Brief descriptive captions:
====================

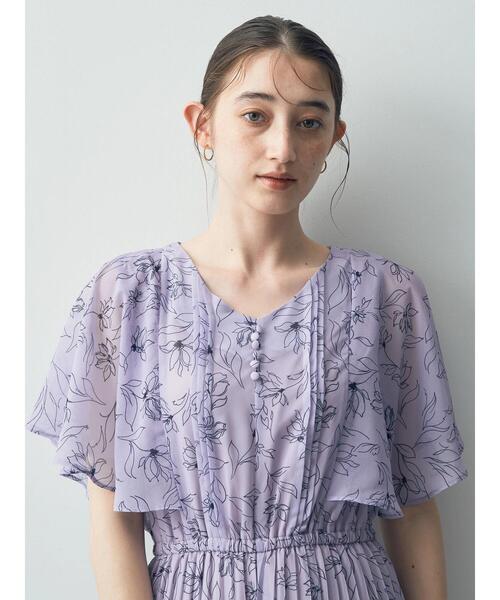 【セール】ラインフラワー柄プリーツワンピース(ワンピース)|YECCA VECCA(イェッカヴェッカ) 【セール】ラインフラワー柄プリーツワンピース(ワンピース)|YECCA VECCA(イェッカヴェッカ)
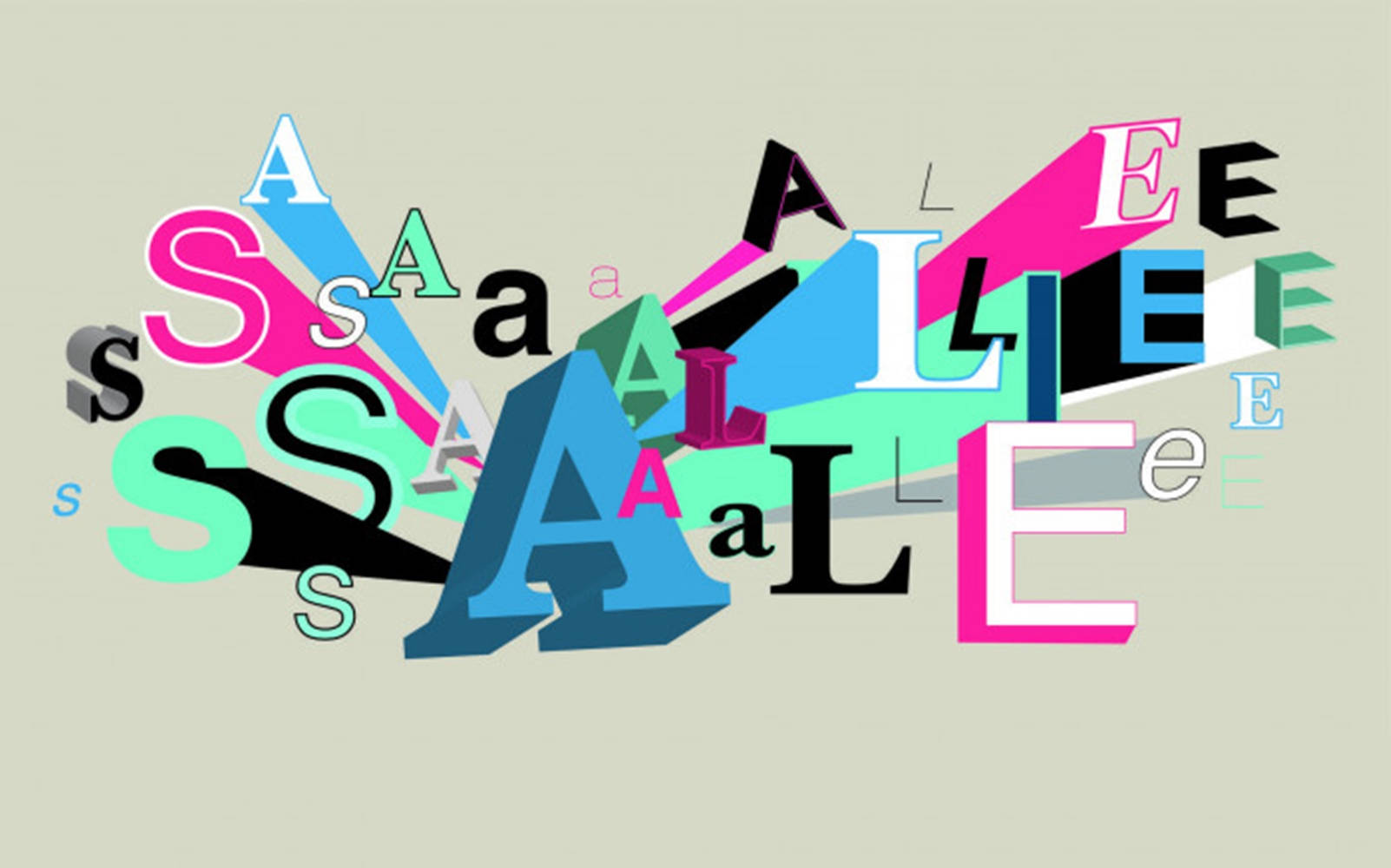 Sales 桌布 壁紙 — 拼寫「sale」的鮮豔3D字母在柔和的米色背景上以色彩繽紛的混亂爆炸開來。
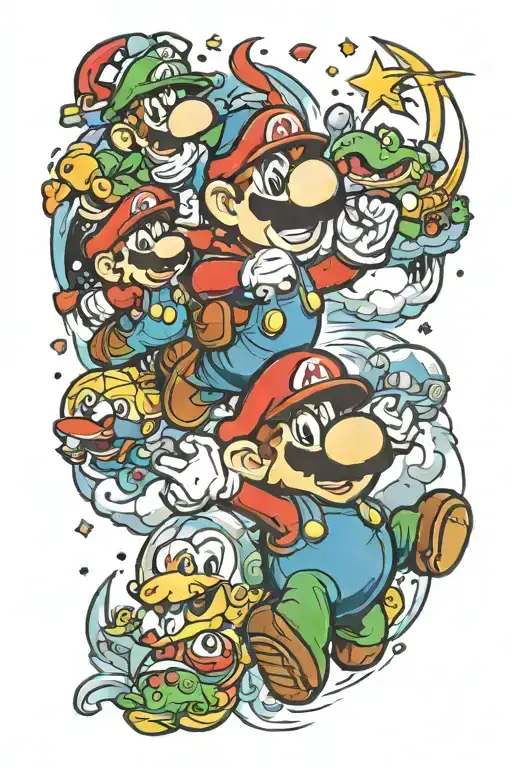 super mario bros universe tattoo design idea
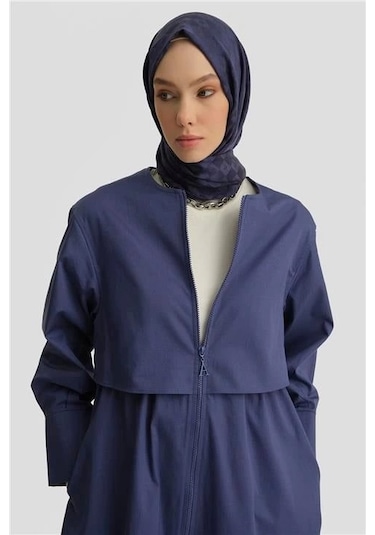 Armine Balon Etekli Pardesü 25y8205 Puslu Mor Mavi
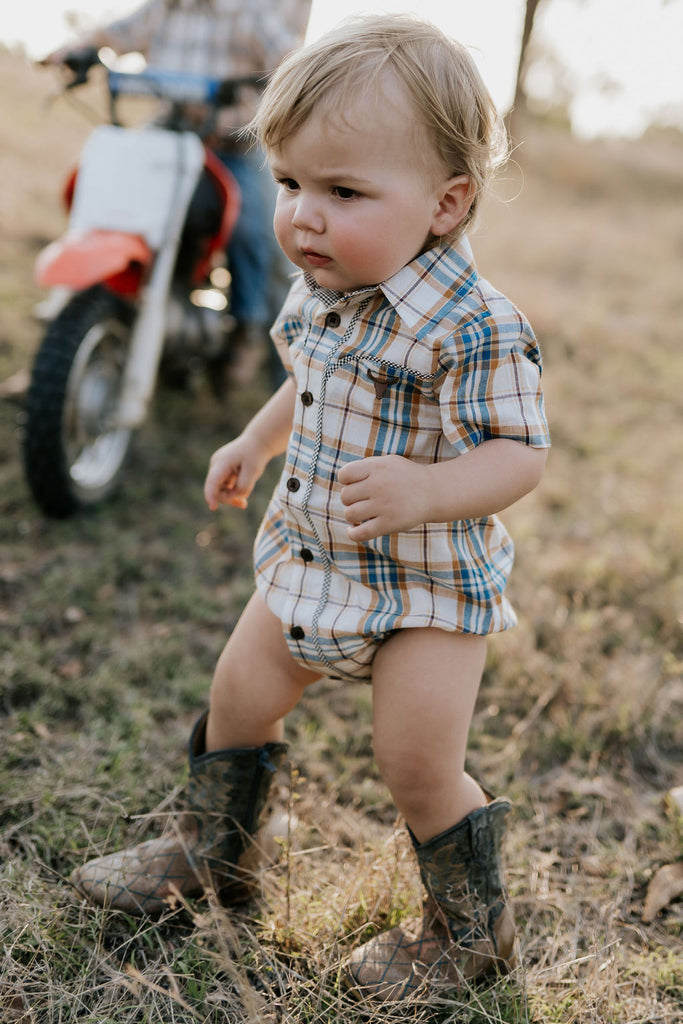 "Dallas" Checked Tan Short Sleeve Romper-Little Windmill Clothing Co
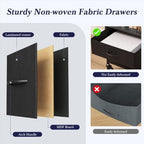 Faesun Printer Stand with Storage, 22'' Rolling Printer Table with 2 Fabric Drawers, File Cabinet for Home Office, Small Office Storage Cabinet with Side Pocket & Dividers, Gray - Image 6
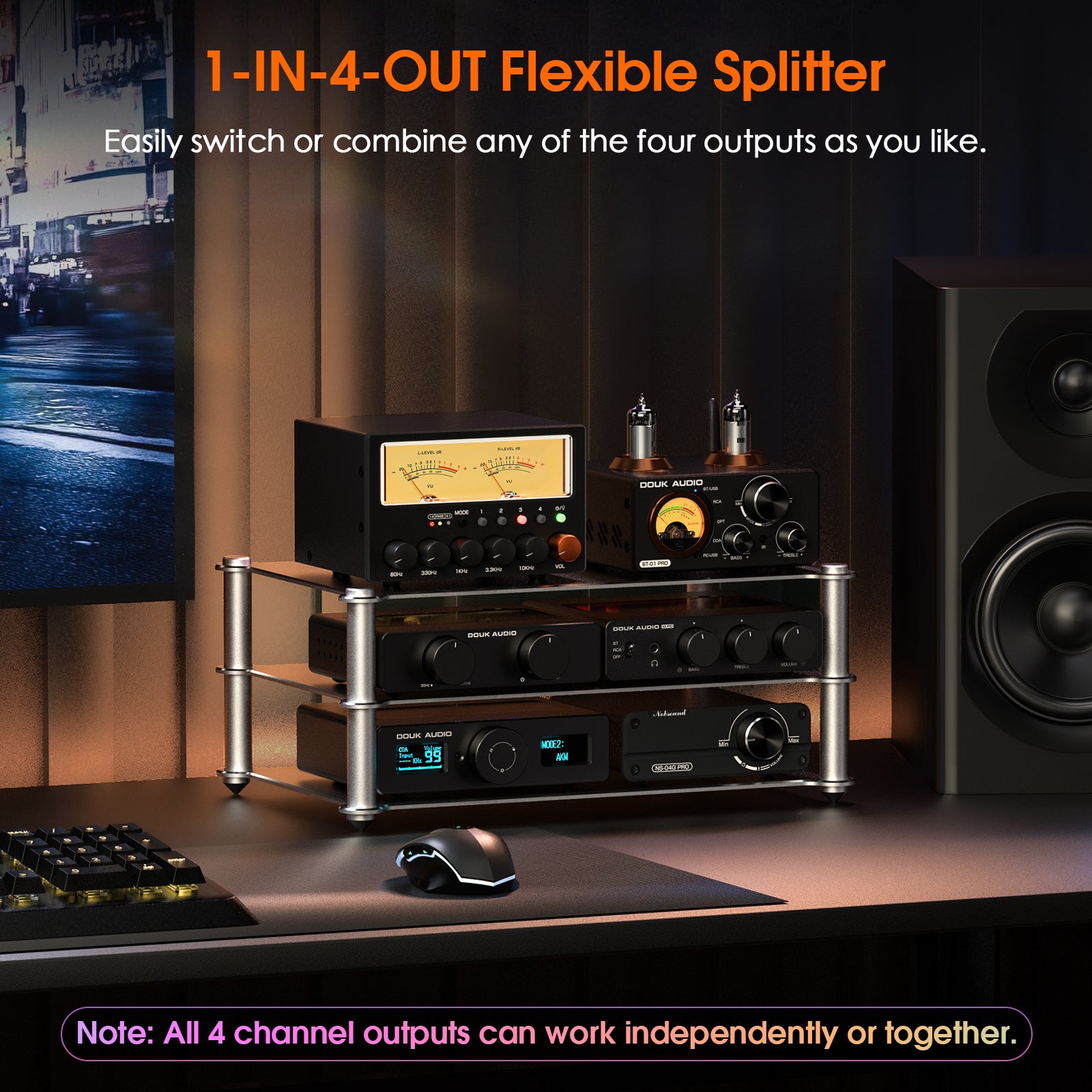 Douk Audio D5 4-Way Audio Switcher/Splitter with EQ Preamp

====================

Try it: All lines from the one containing "Faesun Printer Stand" through the end of the data are to be written out exactly, with nothing added; skip the pictures.

Response area:
 Faesun Printer Stand with Storage, 22'' Rolling Printer Table with 2 Fabric Drawers, File Cabinet for Home Office, Small Office Storage Cabinet with Side Pocket & Dividers, Gray - Image 6
 Douk Audio D5 4-Way Audio Switcher/Splitter with EQ Preamp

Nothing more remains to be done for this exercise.